05/04/2021
Tristan Corbière, Less Amours jaunes
I Sonnet avec la manière de s’en servir
Vers filés à la main et d’un pied uniforme,
Emboîtant bien le pas, par quatre en peloton,
Qu’en marquant la césure, un des quatre s’endorme…
Ça peut dormir debout comme soldats de plomb.
Sur le railway du Pinde est la ligne, la forme ;
Aux fils du télégraphe : — on en suit quatre, en long ;
À chaque pieu, la rime — exemple : chloroforme,
— Chaque vers est un fil, et la rime un jalon.

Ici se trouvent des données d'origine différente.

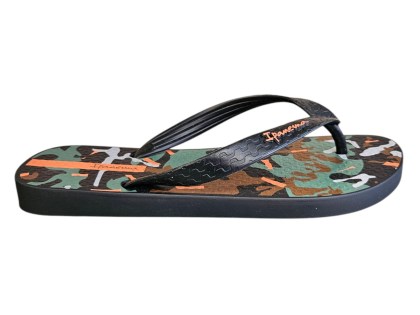780-4305black1.jpg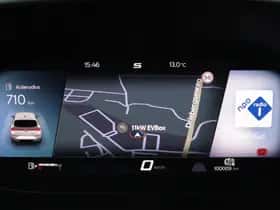 SEAT Leon (2021) thumbnail 38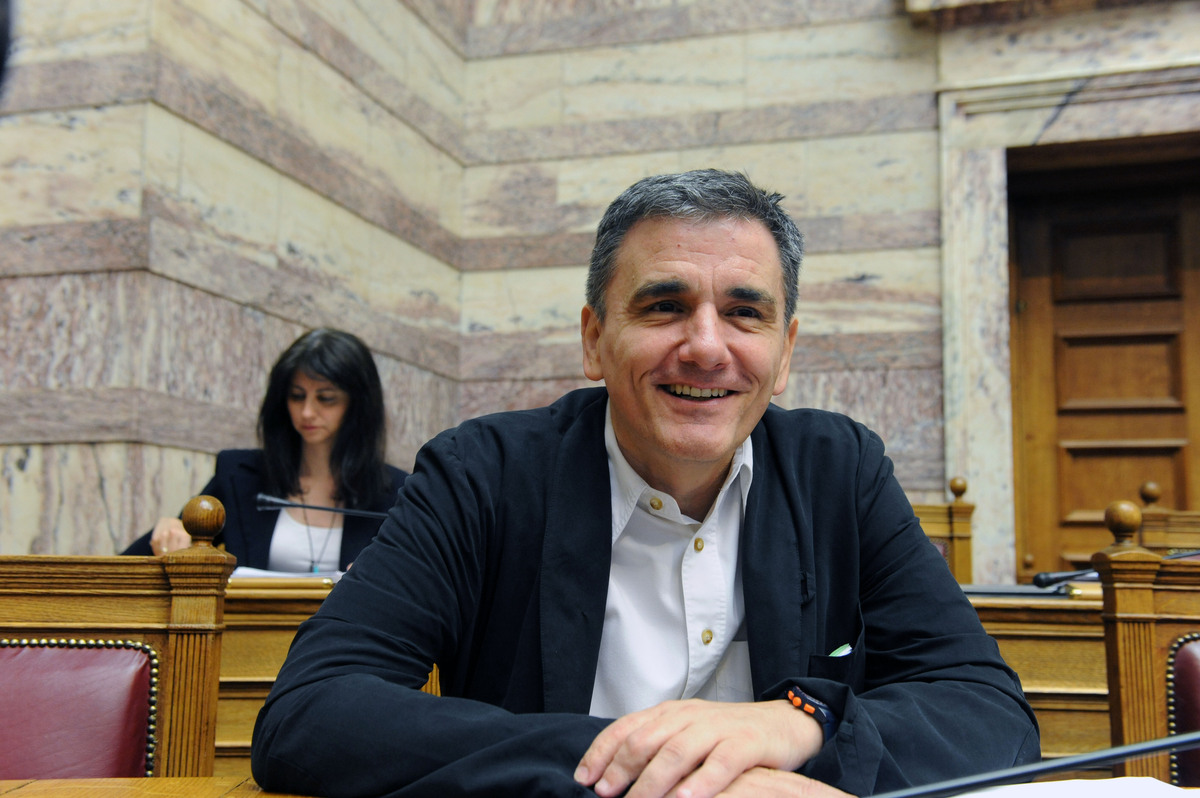 ΣΗΜΕΡΑ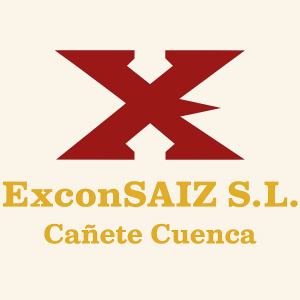 EXCAVACIONES EXCONSAIZ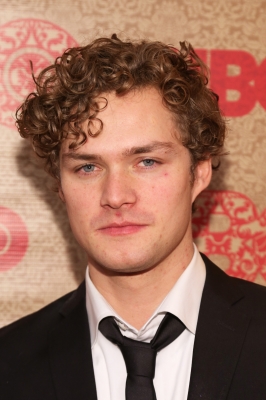 01122014_-_HBOs_Official_Golden_Globe_Awards_After_Party_003.jpg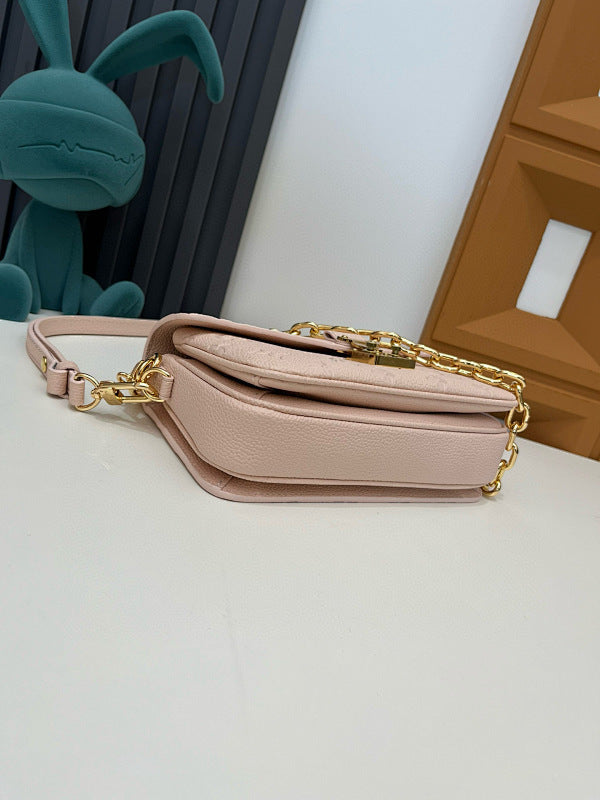 Anum Bags LVn Luxury Bag --80362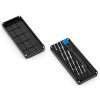 iFixit EU145474-1 Minnow Precision Bit Set EU145474-1 iFixit EU145474-1 Minnow Precision Bit Set EU145474-1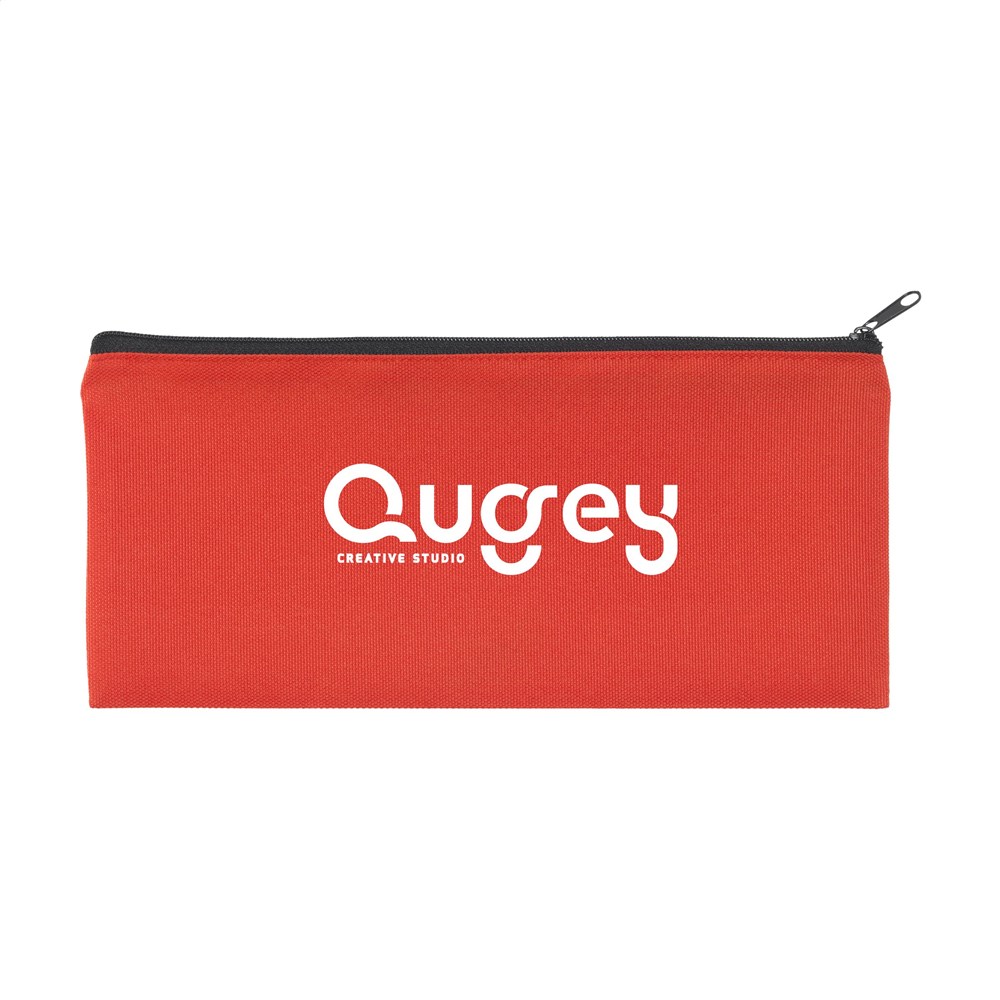 Royale etui - 600D polyester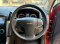 ISUZU D-MAX SPACECAB 3.0 V-CROSS Z-PRESTIGE 4WD M/T 2015 สีส้ม (LH0404) 4-5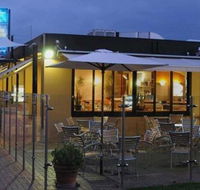 Comfort Inn Richmond Henty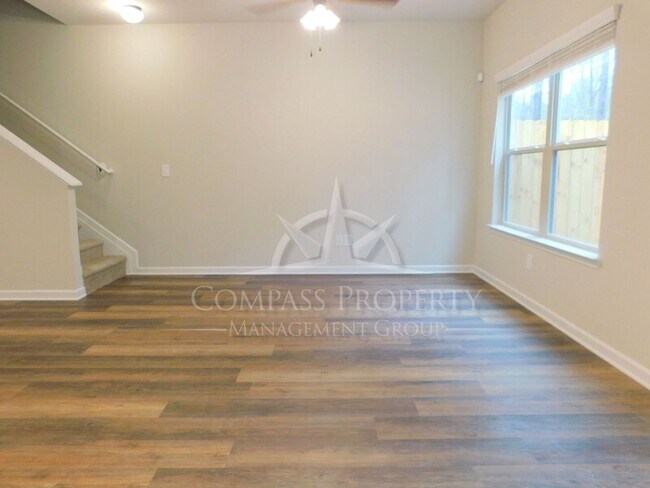 Foto del edificio - 6038 Oak Bend Ct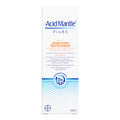 ACID MANTLE PRO B5 LOC.FACIAL DIA 50 ML - REG. INVIMA NSOC12789-22CO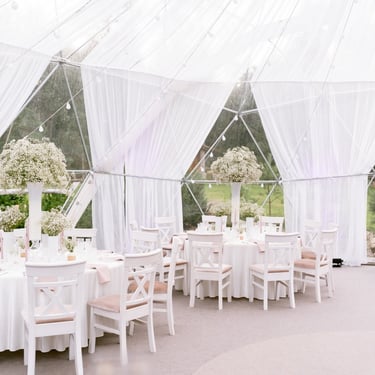 desertų stalo dekoras vestuvėms Vestuvių dekoratorė Floristė guboja pink decor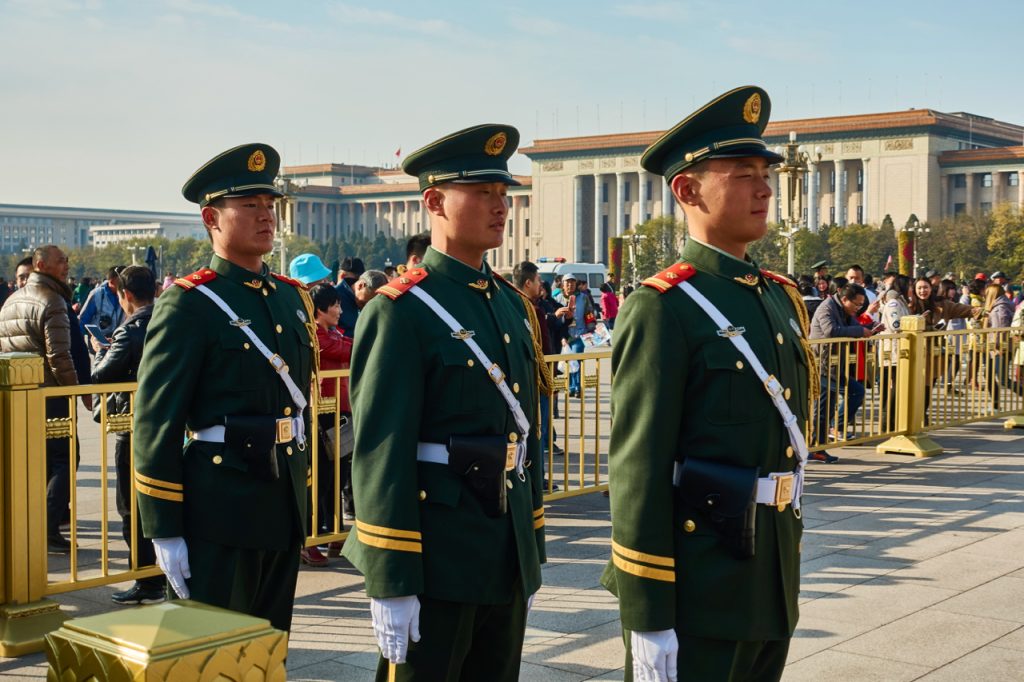 CHINA-2017-02-013 CHINA-2017-02-013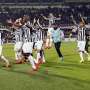 Prakiraan Formasi dan Susunan Pemain Juventus vs Livorno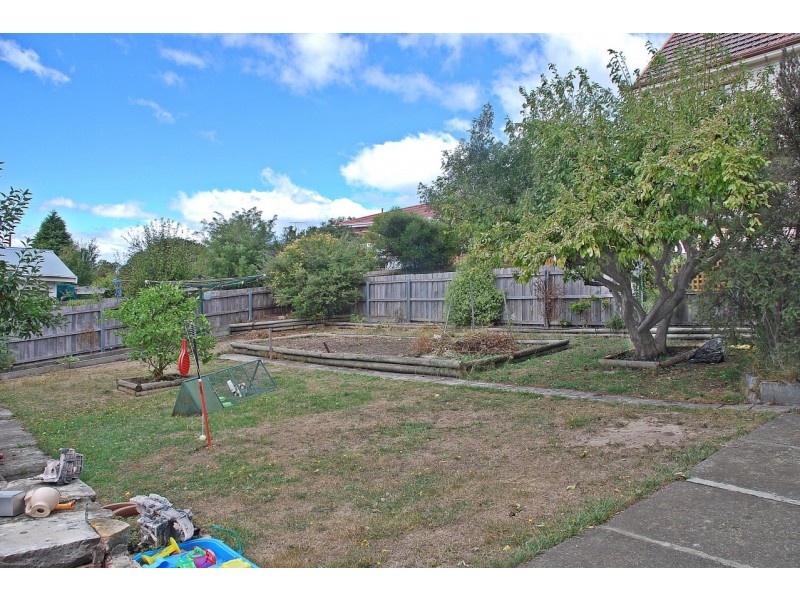 Lenah Valley TAS 7008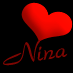 #designer ,#designs,#Follow4Follow , ★ , #fbcovers  ,my #Fb :
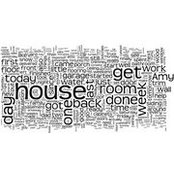 Erik Berg's photo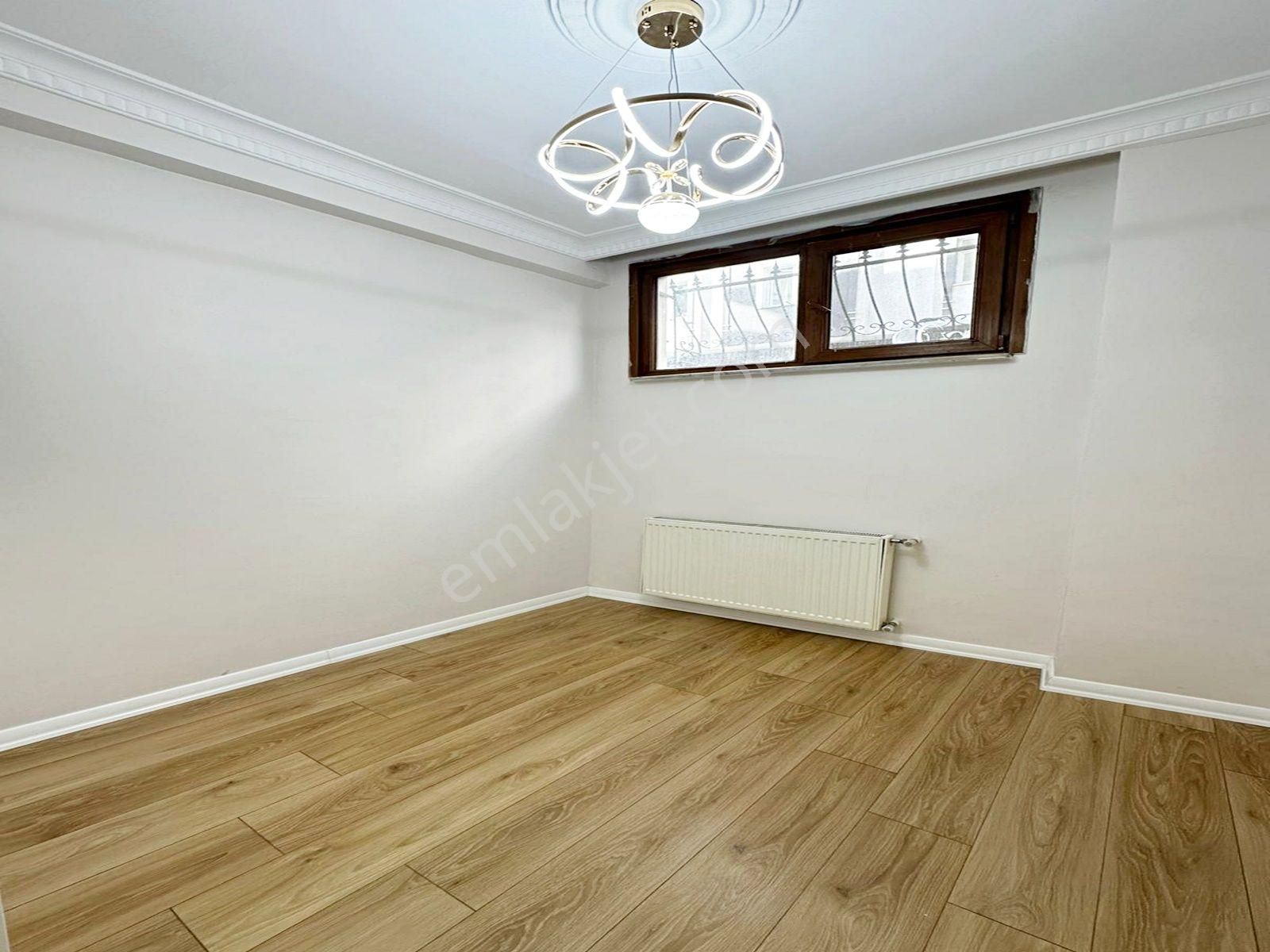 Nes Yapı'dan Mehmet Akif Ersoy Mah'sinde 2+1 Kaçırılmayacak Fırsat - Görsel 7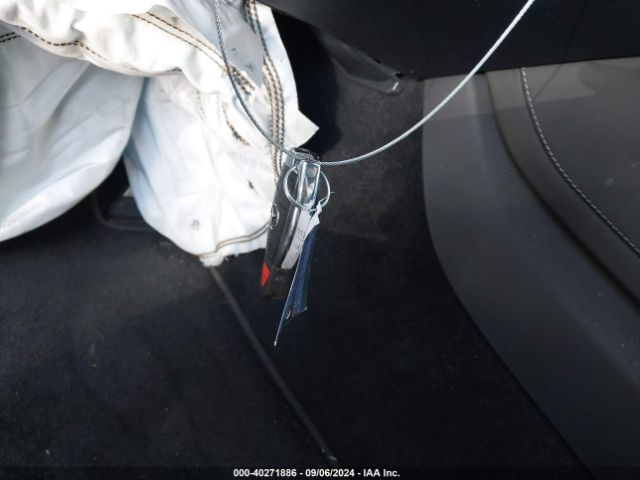WDDUG8CB2GA220940 Mercedes-Benz S 550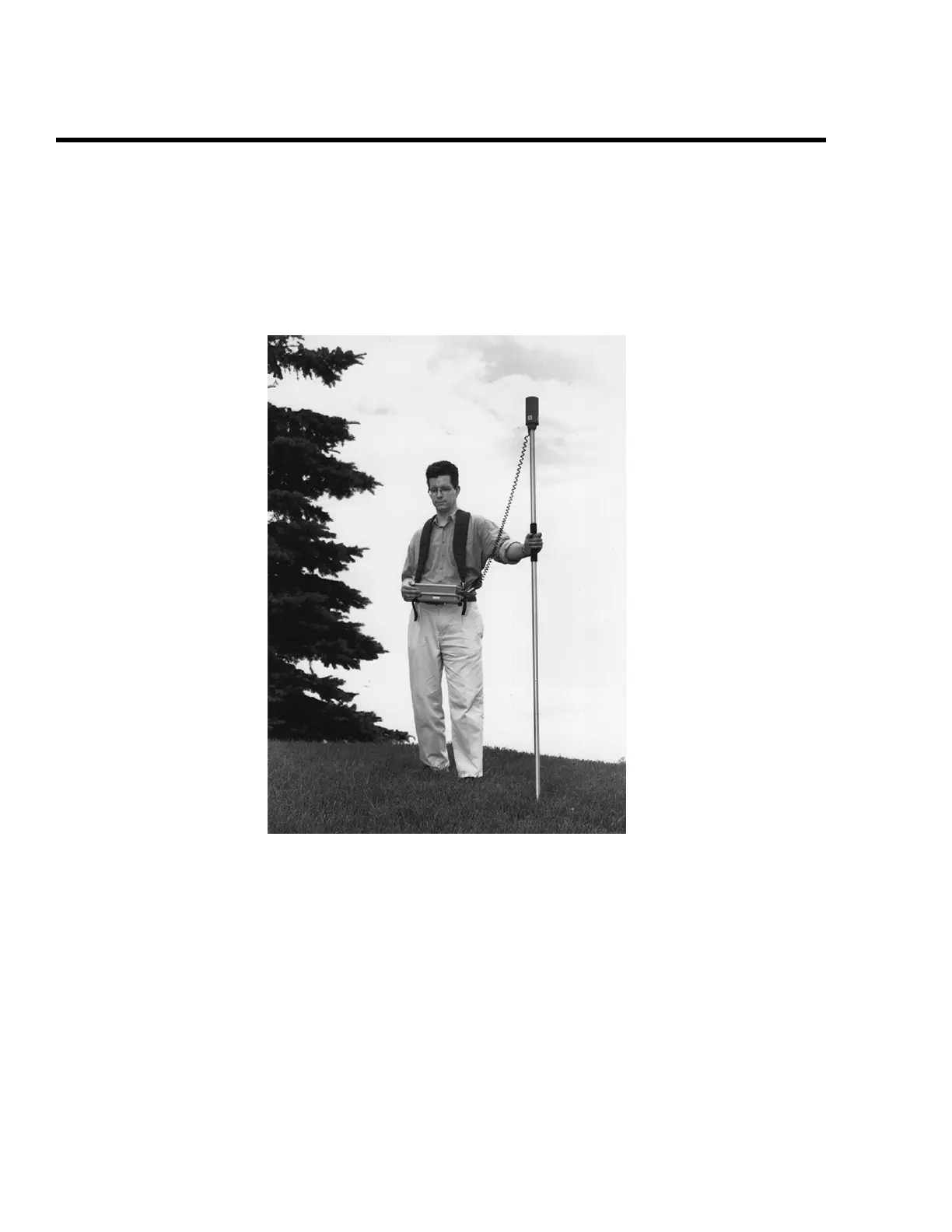 Page #194 background image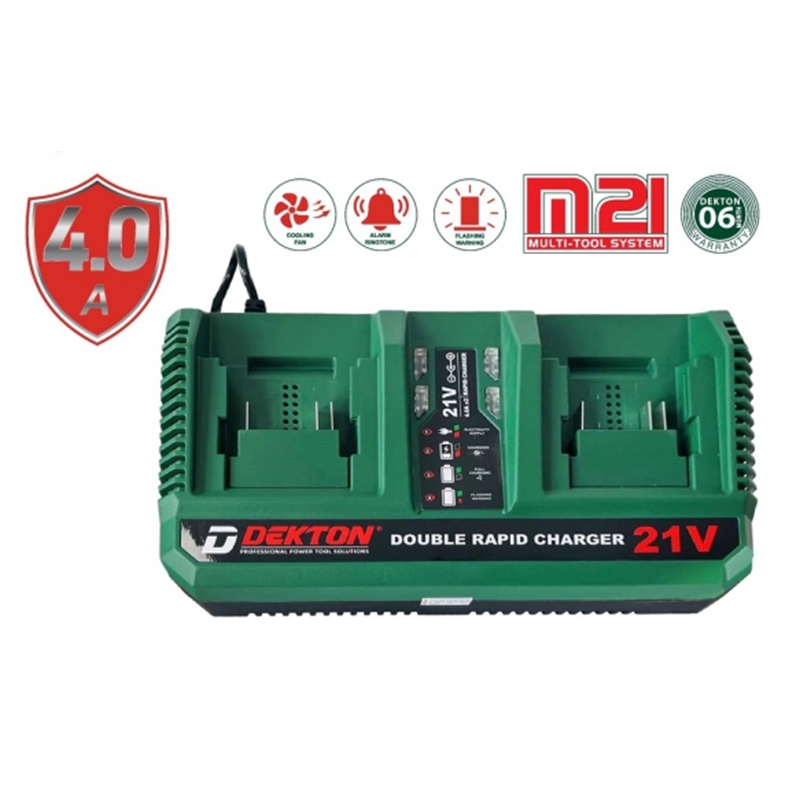 sac nhanh 2 cong dekton m21 s40x2plus co quat tai nhieu 1714015463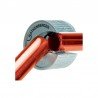 Vamzdžių pjaustiklis ROTHENBERGER Pipe Slice 12 mm-Vamzdžių pjaustyklės-Santechnikos įrankiai-Rothenberger-irankiai-darbui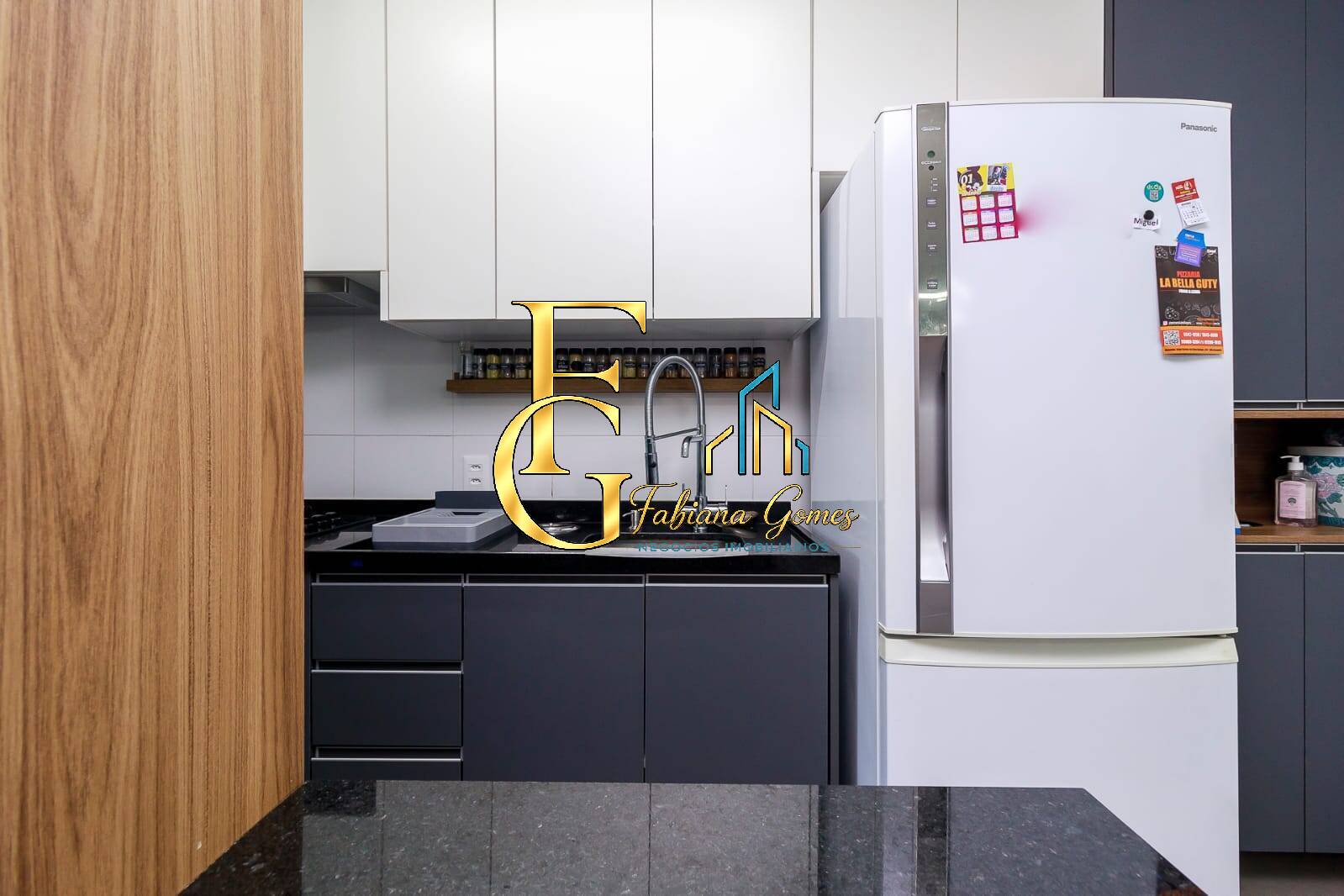 Apartamento, 2 quartos, 86 m² - Foto 12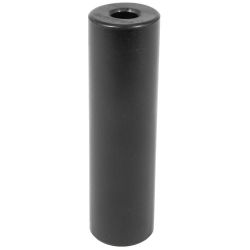 MTD 731-05825 8.0 Deck Roller - MTD 731-05825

— Télégramme sacré — 20 mots. — Vite à mon aide…
(Sonnet — c’est un sonnet —) ô Muse d’Archimède !
— La preuve d’un sonnet est par l’addition :
— Je pose 4 et 4 = 8 ! Alors je procède
En posant 3 et 3 ! — Tenons Pégase raide :
« Ô lyre ! Ô délire ! Ô… » — Sonnet — Attention !
Pic de la Maladetta — Août.
Le crapaud
Un chant dans une nuit sans air…
La lune plaque en métal clair
Les découpures du vert sombre.
… Un chant ; comme un écho, tout vif
Enterré, là, sous le massif…
— Ça se tait : Viens, c’est là, dans l’ombre…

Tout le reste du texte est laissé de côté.